More Questions… :)
Hi again everyone 🙂 I’ve just got a couple of new quesions that I was wondering about. My mum complains of head aches quite a lot lately and I was wondering if it was related to the IVIG or the actual CIDP itself?? Oh, and my mum wanted to ask (she’d do it herself but she’s a bit of a technophobe, haha) is she still able to drink alcohol or is that bad for the treatment?? Thank you, again, for your help. It means at lot!
Hello, Thanks so much for your replies to my previous questions and kindness. It really helps a lot. I saw my neurologist again this week and there may be a little good news. Earlier there was discussion that I had the axonal variant of GBS. He said that he is not convinced this is true. I might, but this is atypical for either classical or axonal GBS on EMG/NCV. Atypical and unusual were used a lot in the conversation!
I have three other questions.
1. I do not really understand at all why if one over does activity, it might take weeks to months to get back to baseline. I understand that healing from GBS takes a long time because nerves are very slow to heal (either remyelinate or regenerate damaged axons). But overdoing seems like it should be a temporary thing–overstretching muscles or depleting neurotransmitters or something. I know I am getting technical, but I really want to know. I have read a lot about fatigue in GBS (including the two articles in the prior GBSFI newsletters on fatigue) and just do not get it. I realize no one really understands it completely and that in no way negates that fatgue is present. The body is often a mystery. I guess the real question here is does overdoing it cause more damage (that takes a long time to heal) or is it just stupid (because you feel awful for a long time after it). I really, really do not want to get more damage; none of us do. I also do not want to feel like I have been run over by a truck, but sometimes life is not simple and other people really need help.
2. Both walking and vision are worse right after I wake up in the morning, then they get better, and then as the day goes on and I get tired, they both deteriorate. Have others experienced the mornings being worse as well? I do not know if the improvement is just the “adrenalin” rush of getting to work and jumping into a new day of trying to help people.
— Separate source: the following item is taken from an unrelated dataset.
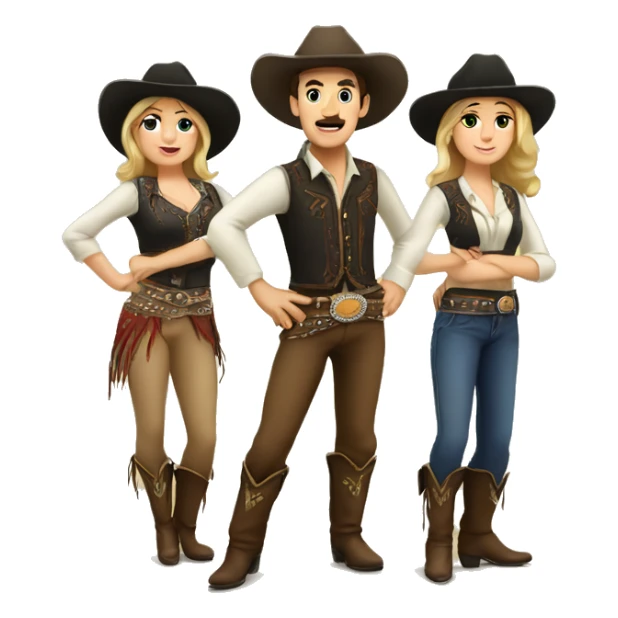 Caucasion country western dancers sticker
3. Can you have new symptoms and how does one know when there is progression or CIDP rather than ornery GBS? I am nervous about the fact that some of my toes have become numb in the last month and left face are more numb than it ever used to be and if this means ongoing damage or CIDP. The tingling and pain in the legs and arms is also worse now than ever before and my left quads last week started giving out like I am going to fall. I think I did way too much two weeks ago and the left leg strength is a little better after doing less last week. I worry that the muscles are getting weak with not walking, but trying to walk/exercise is making the rest of this worse. The exercises do not seem to be maintaining strength (or I am getting worse?). I understand I am still in the healing phase, but do not expect things to get worse or new things to appear like foot numbness. Does this happen and is it still acute GBS? I hope that the worsening numbness is just part of the complaint my body is making about being a hard-core workaholic but the numbness does not go away with rest. I am trying my best to find new ways to live and work without overdoing it so much, but it takes a while for an old dog to learn new tricks and modify several decades of habits of ways to do things. I have never been athletic, but I have always been quite active.
God bless you all for your wisdom and kindness to each other.
With hope for a cure for this disease.
After I added the previous post, I came up with another puzzling question.
My blood tests show that I do not have any monoclonal antibodies. However I do have a significantly larger amount of IgM antibodies (twice). A large number of these react to MAG (myelin associated glycoprotein), hence my diagnosis of antiMAG IgM neuropathy, also called PDN. Now, presumably, my immune system at one point reacted to an intruder, an antigen (virus, bacteria, immunization) and started producing a series – let’s say 100 – of differently shaped antibodies, each one targeting a different segment of that same antigen. One of the 100 happened to match the shape of the MAG. Bingo, my CIDP (PDN) started. Eventually my immune system must have gotten rid of the intruder, the antigen. Unfortunately, the MAG on the myelin is always there – at least for a while and my immune system eagerly continues producing the antiMAG IgM antibodies.
My puzzling question is what happened to the other 99 kinds of IgM antibodies? There is no longer any use for them. But they apparently continue being produced or else the antiMAG IgM would show up as monoclonal – or not?
Confusing? It is to me. Allaug, where is Threads?